━━━ DATASET CONTENT
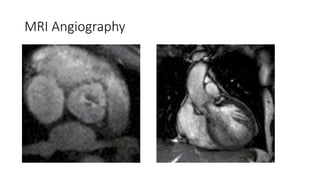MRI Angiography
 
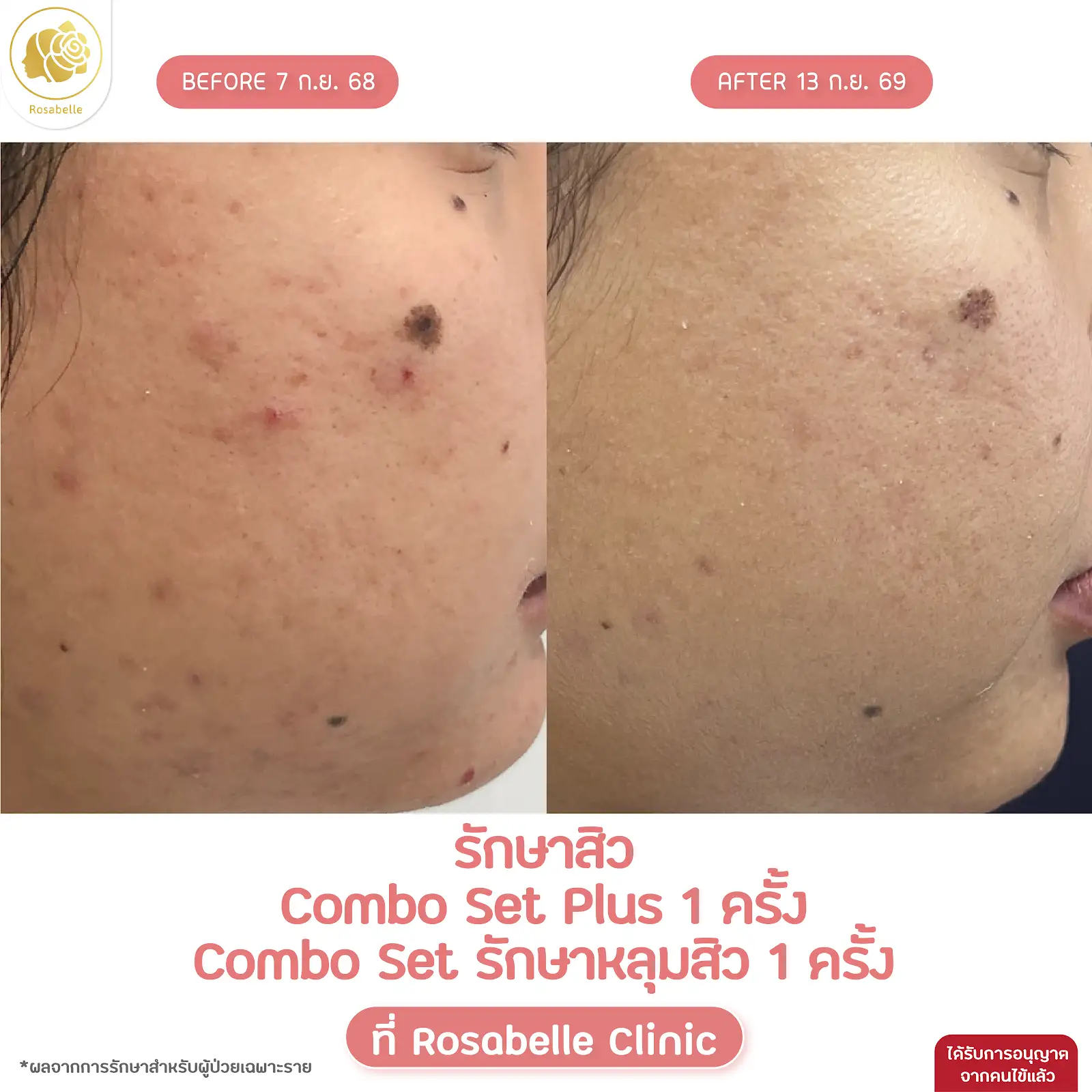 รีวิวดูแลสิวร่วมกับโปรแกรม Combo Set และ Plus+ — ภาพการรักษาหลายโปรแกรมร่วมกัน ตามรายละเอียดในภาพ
━━━━━━
━━━ DATASET CONTENT
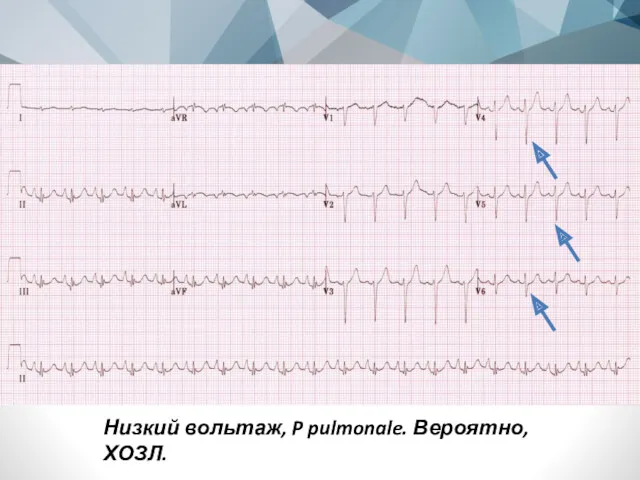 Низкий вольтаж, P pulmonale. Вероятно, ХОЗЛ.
━━━━━━
━━━ DATASET CONTENT
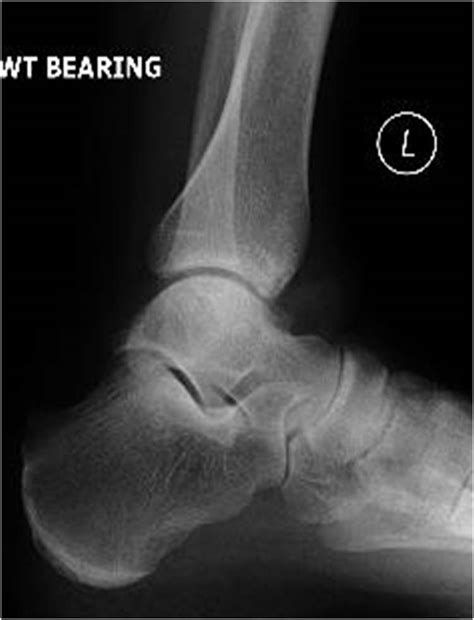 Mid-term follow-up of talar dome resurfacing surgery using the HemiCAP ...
━━━━━━
• [YOUR TASK]
Reproduce exactly the lines above starting at the line containing "MRI Angiography" and ending at the line containing "รีวิวดูแลสิวร่วมกับโปรแกรม Combo Set", including both, but not the pictures.

• [SOLUTION]
MRI Angiography
 
 รีวิวดูแลสิวร่วมกับโปรแกรม Combo Set และ Plus+ — ภาพการรักษาหลายโปรแกรมร่วมกัน ตามรายละเอียดในภาพ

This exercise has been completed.